Alexis Tsipras’ speech before the Greek parliament on Sunday night was tougher than expected. The Greek premier called for a “bridging agreement” but rejected a programme extension and reinstated most of his pre-election pledges. This has reduced the chance of a deal at the forthcoming meetings of eurozone finance ministers (on Wednesday) and heads of state (on Thursday). As a compromise is in the interest of all negotiating parties, this remains the most likely scenario, in our view, but might require an escalation of tension.
The risk of a stand-off that could potentially set the stage for a Greek exit from monetary union has increased. In a powerful and emotional speech before the national parliament, the new Greek premier Alexis Tsipras formally rejected the option of an extension of the current bailout programme that expires at the end of February and called instead for a “bridging agreement”, which would allow Greece more time to renegotiate the terms of the memorandum with its creditors. Mr Tsipras also re-stated his government’s intention to go ahead with a number of economic measures announced during the electoral campaign, some of which conflict with the current programme.
The speech, which opens a three-day parliamentary debate on the government’s agenda, will end with a vote of confidence later today. It will effectively put Greece on a collision course with its creditors ahead of an emergency meeting of eurozone finance ministers on Wednesday and the EU Summit on Thursday. Below, we look at the possible outcomes of the upcoming negotiations between Greece and its creditors and the constraints faced by the Greek government in the process. We continue to believe that a compromise allowing Greece to remain in a bailout programme will eventually be found. The risk of a stand-off in the negotiations that could potentially set the stage for a Greek exit from monetary union has increased, however.

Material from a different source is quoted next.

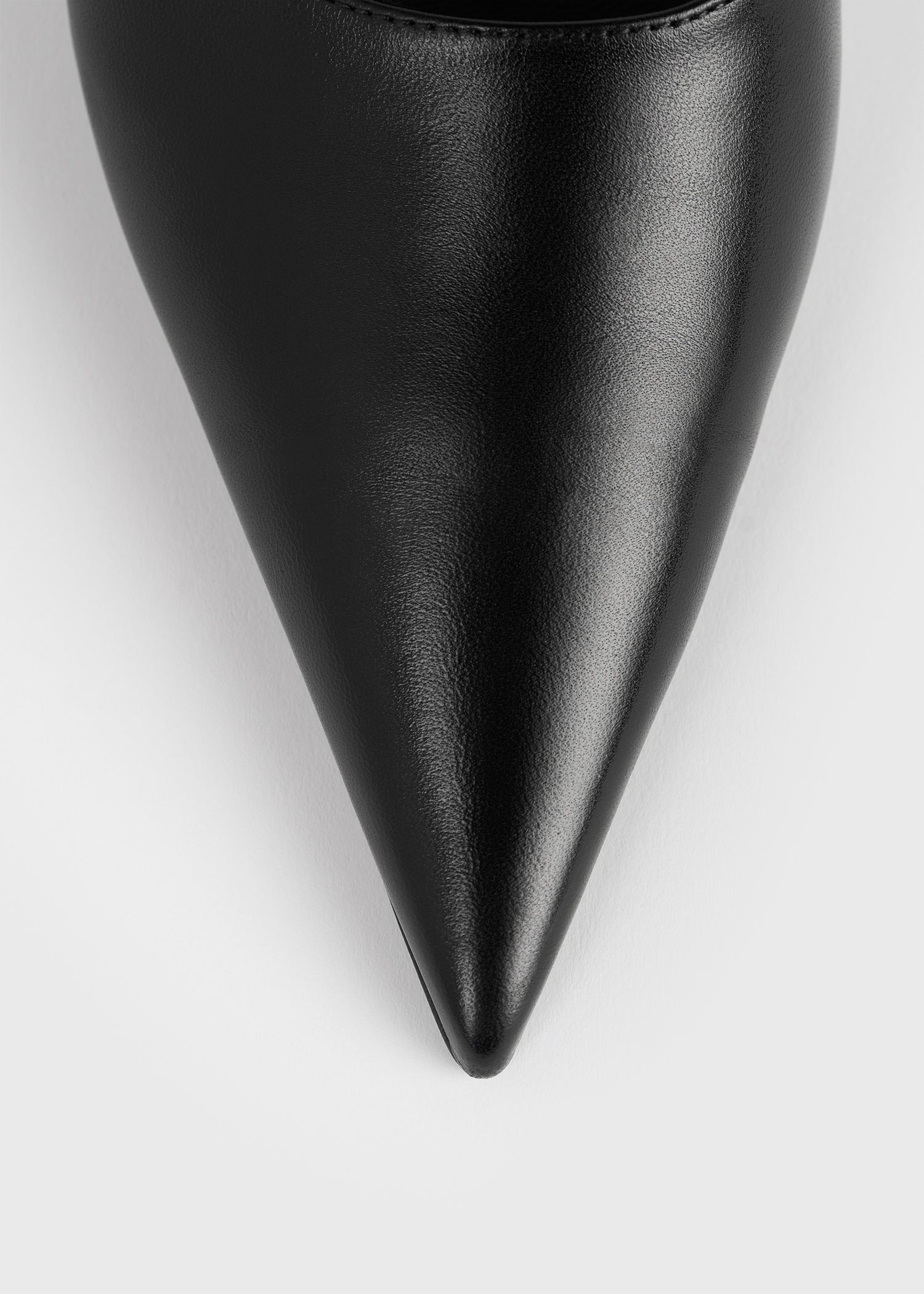 Sharp nappa mules black - 6
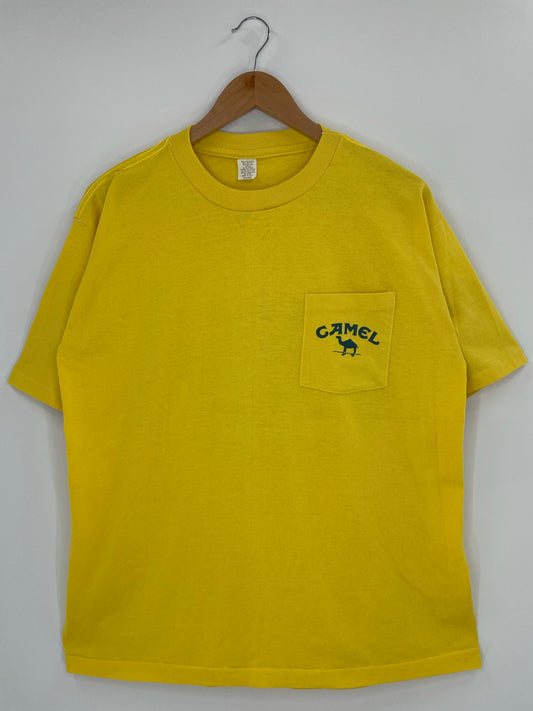1989 CAMEL Made in USA Size XL Vintage T-Shirts / K4960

Short term: Programme extension or bridging loan With the current programme expiring on 28 February, all parties agree on the need for a temporary solution that can give the new government more time to settle down and negotiate some of the elements of the current programme with its creditors. There is, however, disagreement on the form such a solution may take. The Greek premier is calling for a bridging loan with little or no conditions that would de facto suspend the current bailout programme, although creditor countries are pushing for an extension of the current programme. A bridging loan is not envisaged by the EU safety net and so would establish a precedent that commitments taken by previous governments may easily be ignored.
The solution of this first important impasse will give us a vital clue as to the possible outcome of future negotiations. We assume that Syriza will backtrack on its current position and accept an extension of the programme. Such an outcome would be the basis of a more enduring compromise on a number of aspects of the current programme.